Cue the music, cue the snapping, and strike a pose.
There was a musical accompaniment to go along with the ‘shades of gray’ project from 2004 – and as we re-explore that written work, I offer the following playlist as recommended listening for when you go through these vignettes. It’s largely contemplative instrumentals, but there are some traditional pop songs as well. The latter selections are lyrical wonders, echoing the spare power of carefully-chosen words. All serve to evoke an air of
Dinner at eight was okay
Before the toast full of gleams
It was great until those old magazines
Got us started up again
Actually it was probably me again
Why is it so that I’ve always been the one who must go
That I’ve always been the one told to flee
When it fact you were the one long ago
Actually in the drifting white snow
You left me
A centerpiece would have to be ‘Dinner at Eight’ by Rufus Wainwright, which features an exquisite piano treatise on love, family, and the eventual need to find acceptance and move on; as evidenced by the lyrics running throughout this post, it’s as poignant and powerful as it is sorrowful and resigned – a gorgeous mess of emotion set to glorious song. The following songs follow suit – give them a listen as you revisit this project from two long decades ago…

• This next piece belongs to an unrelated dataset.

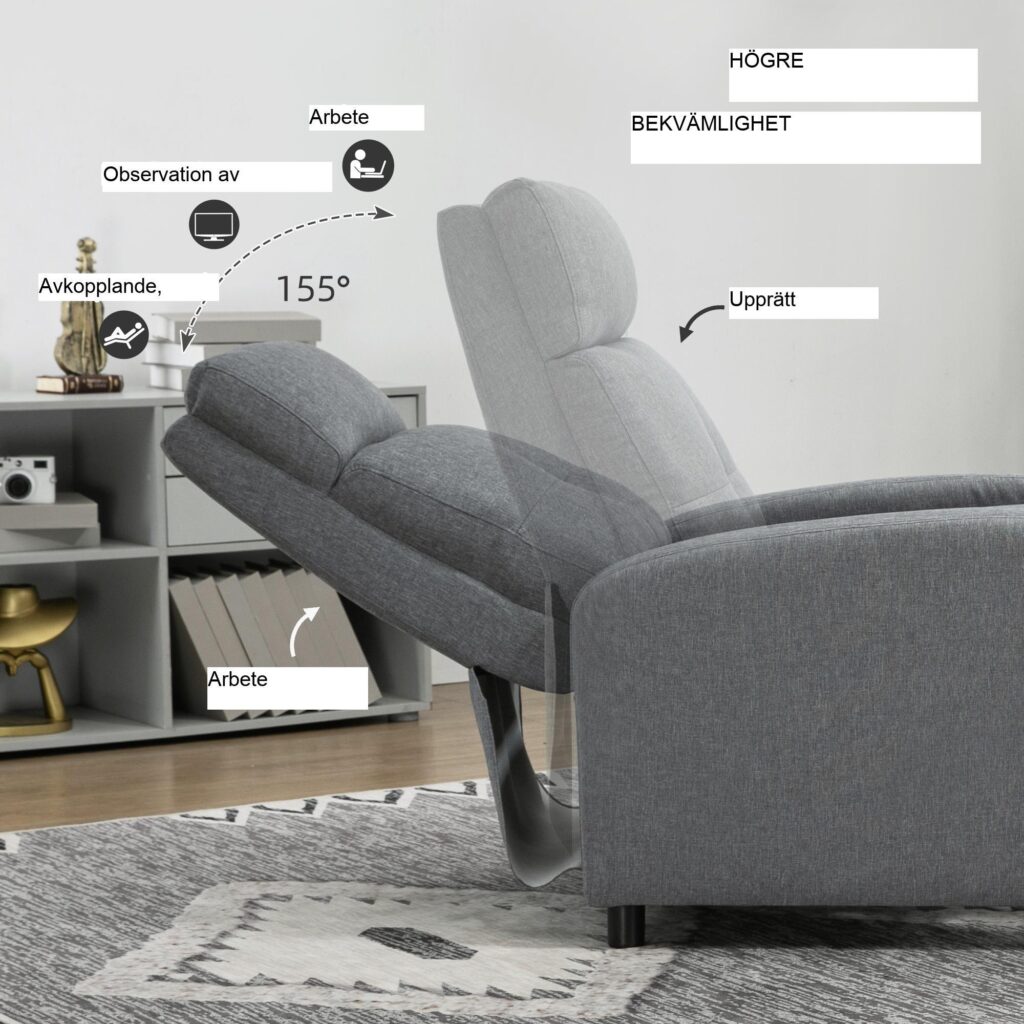 Koppla av fåtölj med liggande funktion - Ultimate Comfort and Support | Snabbmontering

We’re a little over halfway through presenting ‘shades of gray’ already, so there is some more to come, and just around the Thanksgiving holiday – the way that life’s little fuck-overs often come at the worst possible time. We don’t choose these things – they choose us, or something like that. I’m out of banal platitudes and all the rest of it.
I have this thing where I get older but just never wiser Midnights become my afternoons When my depression works the graveyard shift All of the people I’ve ghosted stand there in the room…
My 8th grade class at Wilbur H. Lynch Middle School in Amsterdam, New York had the usual cast of teenage characters – football players, cheerleaders, band members, slack-offs, fuck-ups, nerds, jocks, beauty queens, drama kids – the typical coterie of children masquerading as adults, just beginning to find our way and carve out identities of who we might be. Despite our varied interests and the panoply of society under one roof, we lacked one essential ingredient: a villain. Because of that, and despite the usual drama of teenage angst and budding hormonal avalanches, school was a rather dull and boring affair.
It was up to the one person with the flair for the dramatic and diabolical to set things into some semblance of half-interesting motion – and I was the only one wiling to do it. Did I sacrifice a certain mainstream popularity to do it? Perhaps. Did I throw away my chance at being voted Best Dressed Man when high school rolled around and those designations were really just votes on who was well-liked? Probably. Did I sink my teeth into the role with the relish and zeal of someone desperate for something – anything – to shake up the dull hallways of that school and wreak havoc with friendship circles? Better than anyone else.
I should not be left to my own devices They come with prices and vices I end up in crisis (tale as old as time) I wake up screaming from dreaming One day I’ll watch as you’re leaving ‘Cause you got tired of my scheming (For the last time)
It’s me, hi, I’m the problem, it’s me At tea time, everybody agrees I’ll stare directly at the sun but never in the mirror It must be exhausting always rooting for the anti-hero
Looking back, it was all so much silliness, but at the time how malevolent it seemed – and how terribly was it taken. I watched the maneuverings of the girls in my class, how they wrote notes to one another, passing them back and forth when the teacher’s back was turned. I saw their friendship circles and noticed the whispers they would adopt in favor of some and against certain others. I was a master at appearing uninterested and uninvolved, while all the time not one single side-eye or shifty gaze escaped my notice. I was also adept at sneaking these notes out of their bags when they weren’t looking, and reading what they wrote about everyone else.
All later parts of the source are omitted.